## The task
Please, without any pictures, transcribe the lines from the one holding "wedding mens suit" to the end of the listing, both ends included.

---------- Recorded data ----------

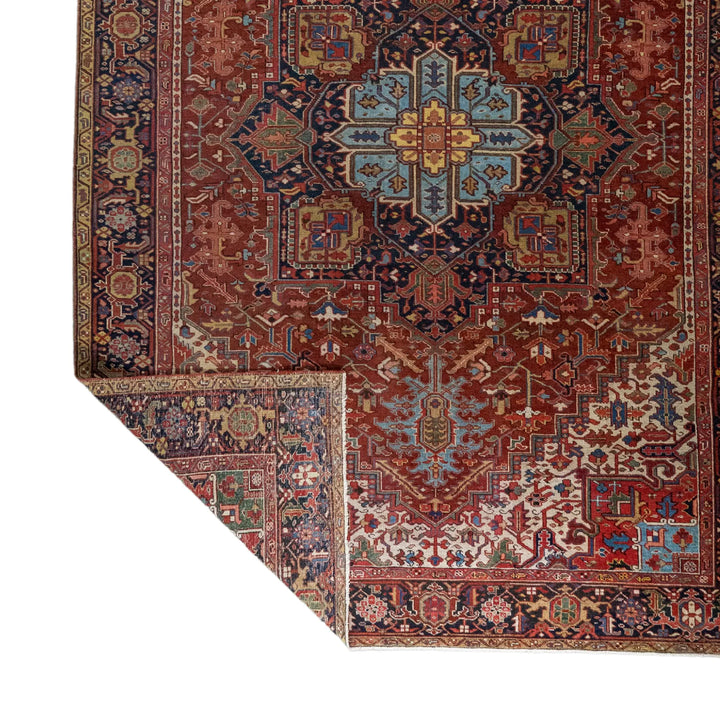 8' 6" x 12' 2" - RED AND NAVY HERIZ GEOMETRIC PERSIAN RUG ( 259 x 371 CM )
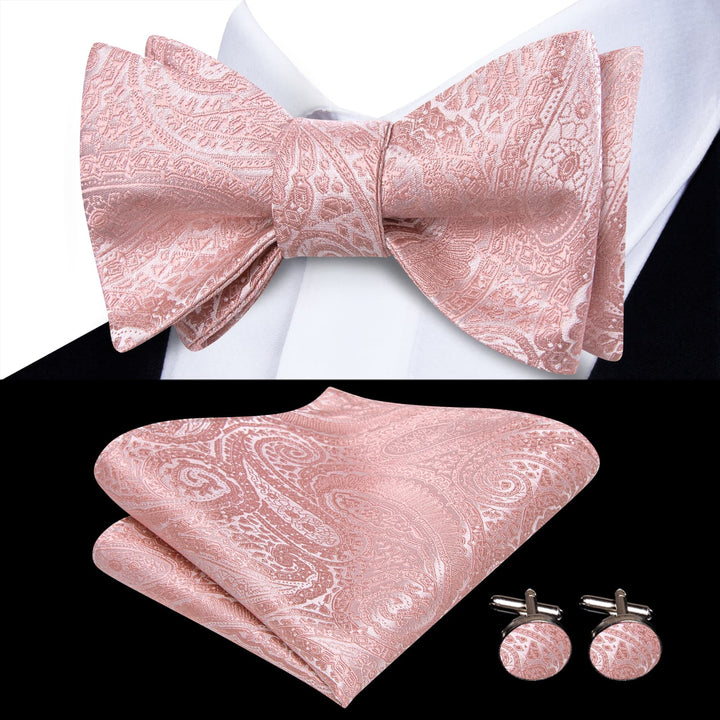 wedding mens suit dress bow tie paisley rose pink bowtie handkerchief cufflinks set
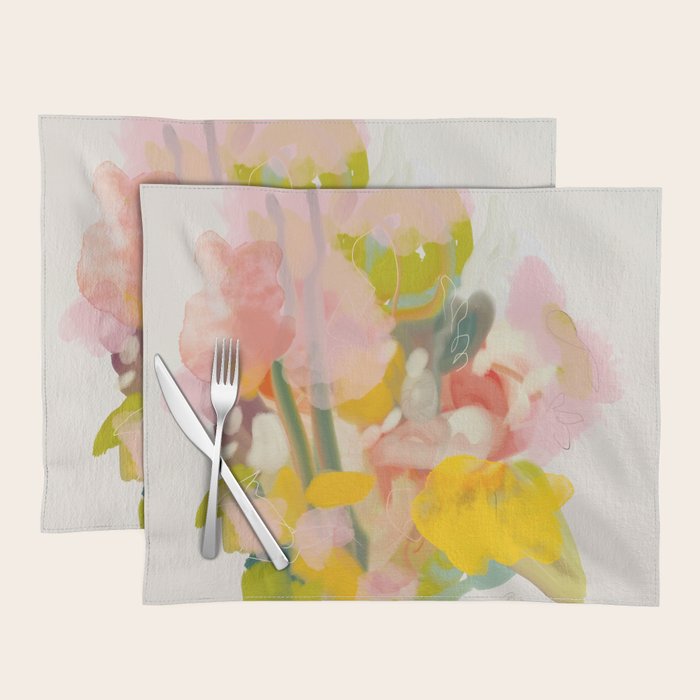 floral abstract spring bouquet Placemat Gallery Image 1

----------

## Output below
 wedding mens suit dress bow tie paisley rose pink bowtie handkerchief cufflinks set
 floral abstract spring bouquet Placemat Gallery Image 1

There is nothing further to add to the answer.